At the time relevant to Miller's claim, Officer Rogers worked the third shift as the SHU #1 Officer. In that role, he worked the floor with numbers 3-6. The SHU #2 officer worked in the security bubble and had access to a computer on which the officer would perform computer and administrative work. This included making bunk assignments for SHU inmates in conformity with, among other things, restrictions directed by Health Services. During that time, Officer Rogers relied upon the SHU #2 Officer to check all appropriate computer systems to determine if an inmate who asserted that he had a bunk restriction actually had such a restriction.

If an inmate had a lower bunk restriction, or there was a change in circumstances, including a change in bunk restrictions, the inmate would need to notify SHU staff so they could verify the information and make appropriate assignments or changes. There is a SHU #2 Officer on each shift available to make those bunk assignments or changes.

Also at the time relevant to Miller's claim, Miller believed that the SENTRY database should have showed him with a lower bunk restriction because of action he witnessed Dr. Webster take during an appointment. On the other hand, during the same time period, Miller was aware that the SENTRY database did not show him to have a lower bunk restriction from the Health Services Department. There came a point in time when Warden Marberry was making rounds in the SHU and Miller spoke to her about his need for a lower bunk restriction. She did not reply, nor did she even stay in the vicinity until Miller had said his piece. Warden Marberry, however, as a high level administrator, did not make clinical judgments and deferred such matters to the staff responsible for them.

IV. Discussion

Bivens creates a remedy, not a substantive right. Abella v. Rubino, 63 F.3d 1063, 1065 (11th Cir. 1995) (noting that "the effect of Bivens was to create a remedy against federal officers acting under color of federal law that was analogous to the Section 1983 action against state officials"). Thus, to state a Bivens claim the plaintiff must allege a violation of the United States Constitution or a federal statute. Goulding v. Feinglass, 811 F.2d 1099, 1102 (7th Cir. 1987).

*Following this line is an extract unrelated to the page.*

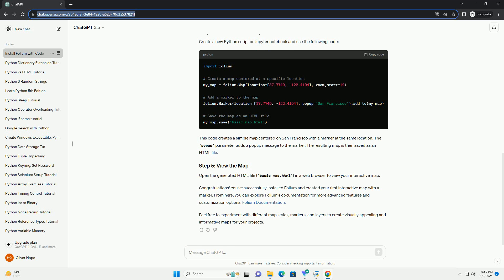Congratulations! You've successfully installed Folium and created your first interactive map with a marker. From here, you can explore Folium's documentation for more advanced features and customization options. Feel free to experiment with different map styles, markers, and layers to create visually appealing and informative maps for your projects.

"[W]hen the State takes a person into its custody and holds him there against his will, the Constitution imposes upon it a corresponding duty to assume some responsibility for his safety and general well-being." County of Sacramento v. Lewis, 118 S.Ct. 1708, 1719 (1998) (citation omitted). The constitutional provision pertinent to Miller's claim is the Eighth Amendment's proscription against the imposition of cruel and unusual punishment. Helling v. McKinney, 509 U.S. 25, 31 (1993) ("It is undisputed that the treatment a prisoner receives in prison and the conditions under which he is confined are subject to scrutiny under the Eighth Amendment.").

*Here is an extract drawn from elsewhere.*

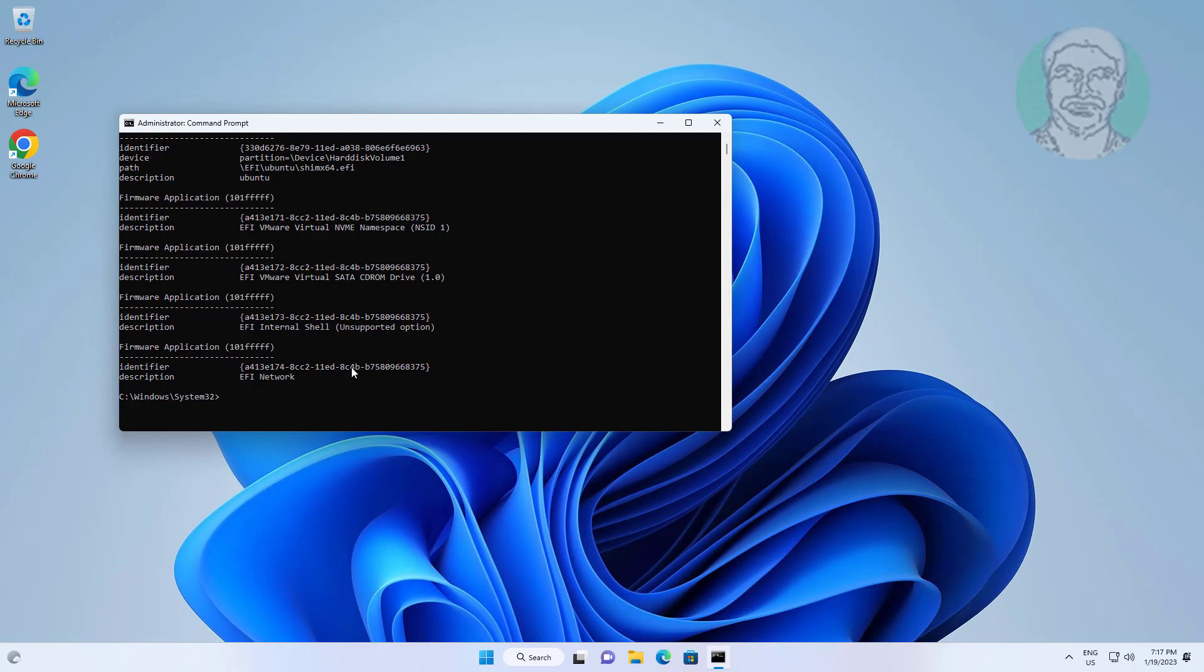Type bcdedit space slash delete space, paste the identifier.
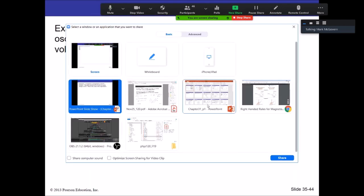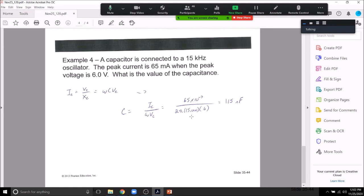Final problem: A capacitor is connected to a 15 kilohertz oscillator. The peak current is 65 milliamps when the peak voltage is 6 volts. What is the capacitance? Using I_peak = omega·C·V_C, solve for C: C = I_peak / (omega·V_C) = 65×10⁻³ / (2π × 15,000 × 6) ≈ 115 nanofarads.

Pursuant to the Eighth Amendment, prison officials have a duty to provide humane conditions of confinement, meaning, they must take reasonable measures to guarantee the safety of the inmates and ensure that they receive adequate food, clothing, shelter, and medical care. Farmer v. Brennan, 511 U.S. 825, 834 (1994). To prevail on an Eighth Amendment claim based on inadequate conditions, the prisoner must show that (1) the conditions in the prison were objectively "sufficiently serious so that a prison official's act or omission results in the denial of the minimal civilized measure of life's necessities, " and (2) prison officials acted with deliberate indifference to those conditions. Townsend v. Fuchs, 522 F.3d 765, 773 (7th Cir. 2008) (internal citations and quotation marks omitted).

A claim based on deficient medical care must demonstrate two elements: 1) an objectively serious medical condition, and 2) an official's deliberate indifference to that condition." Williams v. Liefer, 491 F.3d 710, 714 (7th Cir. 2007) (some internal citations omitted). As to the first element, "[a]n objectively serious medical need is one that has been diagnosed by a physician as mandating treatment or one that is so obvious that even a lay person would easily recognize the necessity for a doctor's attention." King v. Kramer, 680 F.3d 1013, 1018 (7th Cir. 2012) (internal quotation omitted). As to the second element, "[t]o show deliberate indifference, the plaintiff must demonstrate that the defendant was actually aware of a serious medical need but then was deliberately indifferent to it." Knight v. Wiseman, 590 F.3d 458, 463 (7th Cir. 2009).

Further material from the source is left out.